What about a safe deposit box in the name of the decedent?

     Individuals sometimes keep their Will in their safe deposit box. The personal representative is permitted to remove the original Will, as well as a Deed to a cemetery plot and certain life insurance policies from the decedent's safe deposit box before Probate.

How does the estate Executor handle joint bank accounts or certificates of deposit?

     Certain bank accounts and certificates may be owned with rights of survivorship, which means that upon the death of one party to the account, the surviving party (or parties) becomes the sole owner (or owners). If the decedent maintained such an account, the survivor Will be able to withdraw one half of the funds in the account by giving the bank a Death Certificate and without the need to provide anything from the Surrogate. The other half will not be released until the NJ Transfer Inheritance Tax Bureau issues a tax waiver, normally after the tax is paid and the return is filed. Again, this varies from state to state.

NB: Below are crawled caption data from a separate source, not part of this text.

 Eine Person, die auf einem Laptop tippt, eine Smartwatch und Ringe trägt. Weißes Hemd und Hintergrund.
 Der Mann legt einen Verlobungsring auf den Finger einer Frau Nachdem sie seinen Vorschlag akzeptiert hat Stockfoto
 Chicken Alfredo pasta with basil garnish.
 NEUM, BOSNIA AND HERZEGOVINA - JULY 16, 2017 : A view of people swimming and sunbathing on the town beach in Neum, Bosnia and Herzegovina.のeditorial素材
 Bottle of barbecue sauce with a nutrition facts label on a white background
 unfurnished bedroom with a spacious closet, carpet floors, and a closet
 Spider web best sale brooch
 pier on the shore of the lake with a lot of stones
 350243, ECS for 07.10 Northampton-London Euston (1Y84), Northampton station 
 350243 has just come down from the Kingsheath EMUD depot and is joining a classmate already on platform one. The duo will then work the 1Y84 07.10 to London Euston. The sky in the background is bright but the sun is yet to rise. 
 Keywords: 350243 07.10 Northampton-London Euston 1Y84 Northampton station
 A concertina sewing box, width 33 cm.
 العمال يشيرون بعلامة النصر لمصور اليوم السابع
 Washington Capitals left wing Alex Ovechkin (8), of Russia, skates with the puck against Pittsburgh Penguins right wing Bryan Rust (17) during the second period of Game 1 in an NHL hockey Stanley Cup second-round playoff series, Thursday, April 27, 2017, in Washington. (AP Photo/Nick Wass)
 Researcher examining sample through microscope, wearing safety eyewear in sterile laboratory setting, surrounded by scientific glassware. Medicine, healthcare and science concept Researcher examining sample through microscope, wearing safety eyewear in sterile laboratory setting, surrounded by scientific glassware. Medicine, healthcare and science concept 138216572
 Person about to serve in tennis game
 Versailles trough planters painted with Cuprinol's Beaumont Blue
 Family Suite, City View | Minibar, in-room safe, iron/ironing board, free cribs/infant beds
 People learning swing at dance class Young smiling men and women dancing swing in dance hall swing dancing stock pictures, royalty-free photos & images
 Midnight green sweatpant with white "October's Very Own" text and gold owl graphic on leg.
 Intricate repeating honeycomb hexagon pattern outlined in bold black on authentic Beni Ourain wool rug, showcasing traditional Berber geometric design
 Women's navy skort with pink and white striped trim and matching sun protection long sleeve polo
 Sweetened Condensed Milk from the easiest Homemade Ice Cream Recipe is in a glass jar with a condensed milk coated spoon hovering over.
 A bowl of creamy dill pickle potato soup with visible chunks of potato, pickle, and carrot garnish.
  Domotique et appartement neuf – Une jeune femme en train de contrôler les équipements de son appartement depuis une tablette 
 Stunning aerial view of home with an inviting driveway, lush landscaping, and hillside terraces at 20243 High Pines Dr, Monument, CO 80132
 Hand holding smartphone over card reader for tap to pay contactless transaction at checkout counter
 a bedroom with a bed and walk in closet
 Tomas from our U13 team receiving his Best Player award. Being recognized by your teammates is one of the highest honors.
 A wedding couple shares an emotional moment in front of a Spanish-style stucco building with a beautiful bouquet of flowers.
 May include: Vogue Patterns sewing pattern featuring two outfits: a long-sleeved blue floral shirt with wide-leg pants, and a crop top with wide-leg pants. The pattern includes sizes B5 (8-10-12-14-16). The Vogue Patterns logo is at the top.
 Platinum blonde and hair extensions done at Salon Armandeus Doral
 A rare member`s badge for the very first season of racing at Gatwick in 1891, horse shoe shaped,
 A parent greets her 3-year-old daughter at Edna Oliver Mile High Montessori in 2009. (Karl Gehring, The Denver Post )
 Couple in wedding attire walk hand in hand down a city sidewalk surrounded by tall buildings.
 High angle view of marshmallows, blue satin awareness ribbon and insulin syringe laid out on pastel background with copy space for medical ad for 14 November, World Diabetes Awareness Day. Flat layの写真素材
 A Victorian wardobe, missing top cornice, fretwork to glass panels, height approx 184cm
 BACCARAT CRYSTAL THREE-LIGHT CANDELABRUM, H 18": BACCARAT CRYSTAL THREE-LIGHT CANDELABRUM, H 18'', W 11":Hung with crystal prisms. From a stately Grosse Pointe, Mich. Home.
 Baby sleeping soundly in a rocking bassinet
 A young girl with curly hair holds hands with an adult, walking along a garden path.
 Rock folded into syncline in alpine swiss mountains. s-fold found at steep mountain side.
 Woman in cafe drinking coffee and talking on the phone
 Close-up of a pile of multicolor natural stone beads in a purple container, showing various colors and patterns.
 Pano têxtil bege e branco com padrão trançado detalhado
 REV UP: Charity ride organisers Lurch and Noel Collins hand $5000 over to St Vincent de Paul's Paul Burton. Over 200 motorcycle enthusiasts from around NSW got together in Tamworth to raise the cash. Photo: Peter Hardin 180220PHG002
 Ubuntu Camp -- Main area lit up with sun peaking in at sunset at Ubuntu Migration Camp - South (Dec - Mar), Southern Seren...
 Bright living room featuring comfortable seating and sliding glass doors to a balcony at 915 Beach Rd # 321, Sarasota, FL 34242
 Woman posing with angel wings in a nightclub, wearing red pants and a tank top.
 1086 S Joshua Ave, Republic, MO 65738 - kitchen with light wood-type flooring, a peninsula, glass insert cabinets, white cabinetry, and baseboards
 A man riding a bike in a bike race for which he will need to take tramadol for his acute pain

Is all this paperwork necessary even on small estates?

     There is a procedure whereby the assets of small estates can be transferred to the surviving spouse without the necessity of administration. The spouse files an affidavit stating, among other things, that the decedent had no Will and that all of the real and personal assets of the decedent do not exceed $10,000.

How do I prove that legacies were paid?

     The Executor has a duty to pay the legacies or distribute shares as provided for under the Will; however, when he /she does so, he/she must take a Release and Refunding Bond from the person taking the share. The Refunding Bond is then forwarded to the Surrogate for filing and recording.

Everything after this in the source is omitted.